## Task details
Without the pictures, set down every record below exactly as it reads.

===============

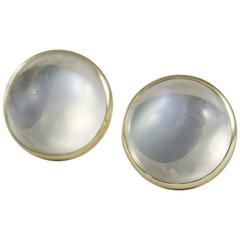 Vintage Moonstone and Gold Ear Studs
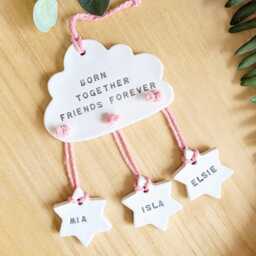 Born Together Friends Forever, Personalised Twins Baby Gift, Cloud Nursery Decoration, Triplets, Baby's Christening Day, Siblings Keepsake - thumbnail 2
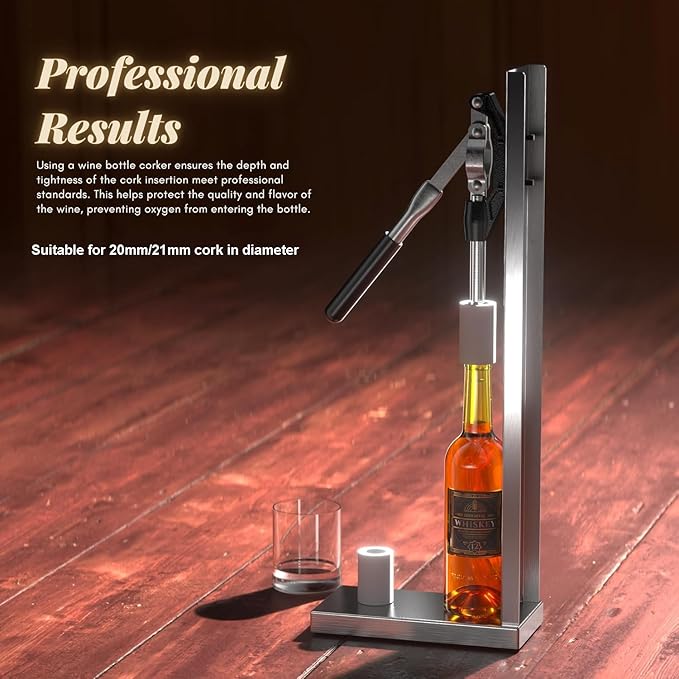 Wine Corker, Hand Wine Bottle Re-corker, Bottle Capper for Bottling, Manual Wine Corking Kit with 2 POM Inserting Stopper, Bottle Cap Pressing Machine Corking Tool
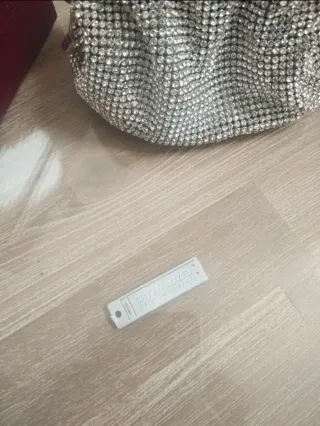 Bolso de fiesta plata con cristales Swarovski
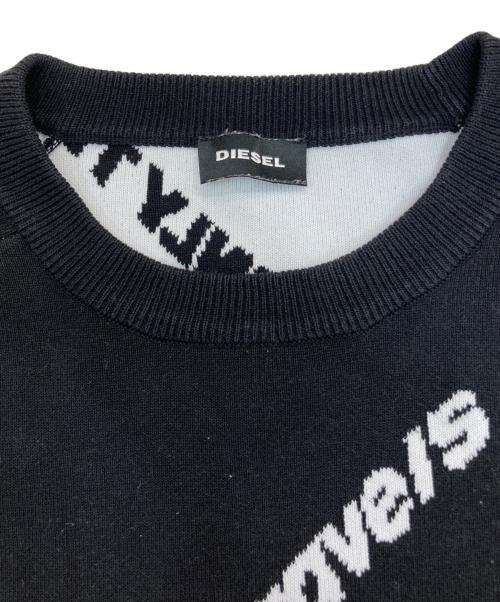 DIESEL（ディーゼル）DIESEL (ディーゼル) サイドジップロゴニット ブラック サイズ:Sの古着・服飾アイテム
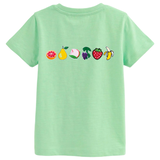 Fruit Strijk Embleem Patch Set 6 stuks op een groen t-shirtje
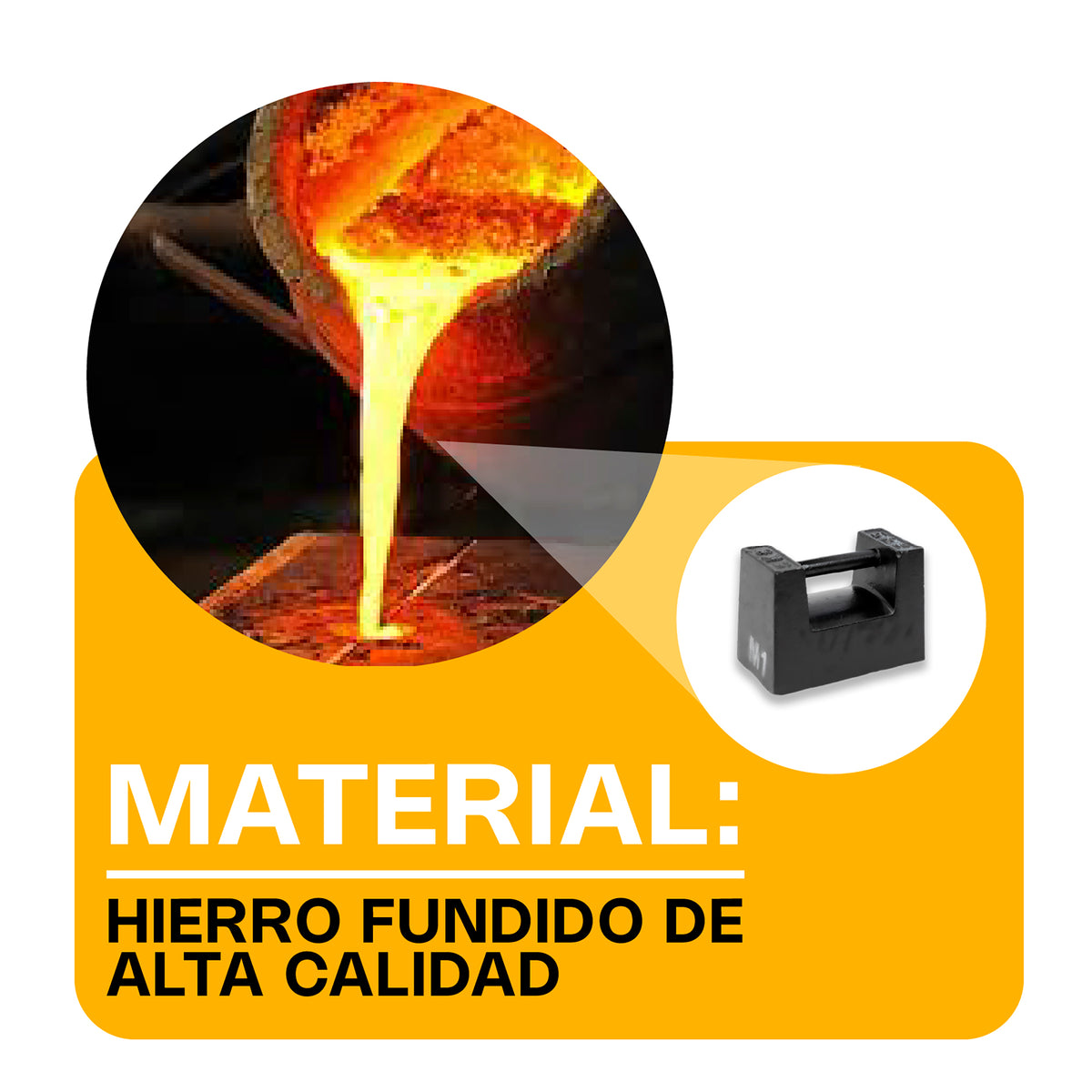 Pesa patrón de hierro fundido 5 kg | Rhino | Pesa-5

===============

## Output
 Vintage Moonstone and Gold Ear Studs
 Born Together Friends Forever, Personalised Twins Baby Gift, Cloud Nursery Decoration, Triplets, Baby's Christening Day, Siblings Keepsake - thumbnail 2
 Wine Corker, Hand Wine Bottle Re-corker, Bottle Capper for Bottling, Manual Wine Corking Kit with 2 POM Inserting Stopper, Bottle Cap Pressing Machine Corking Tool
 Bolso de fiesta plata con cristales Swarovski
 DIESEL（ディーゼル）DIESEL (ディーゼル) サイドジップロゴニット ブラック サイズ:Sの古着・服飾アイテム
 Fruit Strijk Embleem Patch Set 6 stuks op een groen t-shirtje
 Pesa patrón de hierro fundido 5 kg | Rhino | Pesa-5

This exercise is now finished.